Although I must say we’re doing good work on our final task–attaching the garden hose to our car’s exhaust pipe and running it in through a vent window. Barack and Michelle will be by in a moment with some subsidized ethanol to top up our gas tank. And then we can turn the key.
I don’t agree with every particular of P.J.’s piece, but I agree with its self-critical spirit. (And in fact the chapter on the 1984 election in my Age of Reagan book makes the point that the Reagan campaign made a huge strategic blunder by not seeking to finish off liberalism and the Democratic Party in that election—that “morning in America” was a bad strategy for the long-run.) Here’s part of how I put the matter in a memo I wrote and circulated to some conservative leaders a couple of years ago (before, needless to say, the re-election of Obama):
How did the Left get the drop on us? In the early- to mid-1990s we thought we had won on the major premises of politics and policy—Francis Fukuyama told us so!—such that what was needed from the likes of us was the technical work of unraveling piece-by-piece the architecture of the administrative-welfare state. The reasons for thinking this way were all around us, from the spectacular fall of the Berlin Wall to the market liberalizations proceeding apace in nearly every corner of the world to the spectacular rout of Hillarycare and the noticeable acceptance of market logic within Clintonite & Blairist liberalism. These encouraging signs were profoundly misleading. The problem with thinking you are riding a “wave of history” is that the wave might leave you stranded on a sandbar far from shore. Just ask Newt.
I have a field theory for this that is simple but hopefully not simplistic. We should not repair behind exogenous excuses about the surprise of the housing bubble/financial collapse and the extraordinary phenomenon of Obamamania. The seeds of decay and regress should have been evident long before these events. We should be honest: we—our cause, our movement—became complacent. We became too narrowly focused on policy studies to the exclusion of the sustained public argument about the principles and practices of a free society that were the predicate of policy reforms. We forgot the “public” part of “public policy” studies. . .

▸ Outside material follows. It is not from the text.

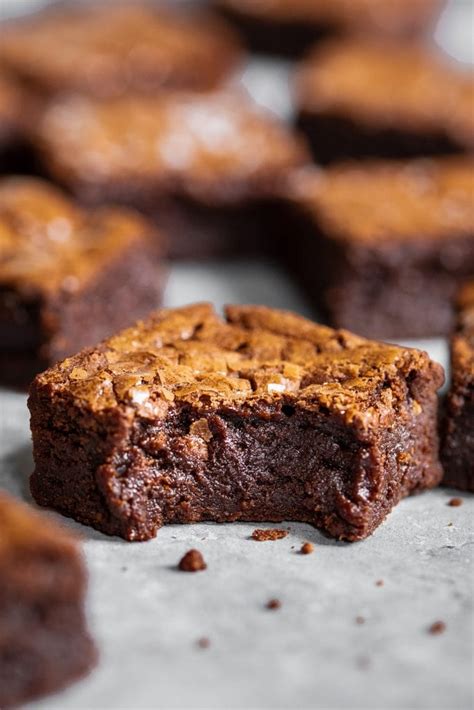 How many sugar are in ultimate fudge brownie - calories, carbs, nutrition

I don’t think we ever fully appreciated, as Hayek did as far back as the 1960s, that the nature of the challenge from the Left would change profoundly going forward from that point, and become much more difficult. Instead I think the conservative intellectual movement, and its institutions, became entirely too self-congratulatory (which was one of the mistakes the Left made starting in the 1960s).
In some ways we have become a mirror image of the very problem we are set against: we are bogged down in petty details instead of broad principles.
Now, one obvious consequence of the loss of the conservative intellectual movement’s focus on the broader public argument part of “public policy studies” is that we have a crop of presidential candidates who speak almost entirely in technocratic tones. And so we get a crop of candidates who promulgate 59-point jobs plans. Why not? That tends to be what they see from us [think tankers] most of the time. Conservatives who talk incessantly of finding “the next Reagan” are missing the point in looking for that particular skill set and style (though those are not unimportant things); a large part of what made Reagan effective was that he represented the culmination of a generation of patient public argument to change public opinion on general principles. For a variety of reasons I do not put much stock in the public opinion poll data that shows the public is “with us” on a variety of discrete questions.
Well, it was a long memo, and this is enough. But it does explain part of why I decided to leave Washington last year, and try something else. P.J.—let’s party!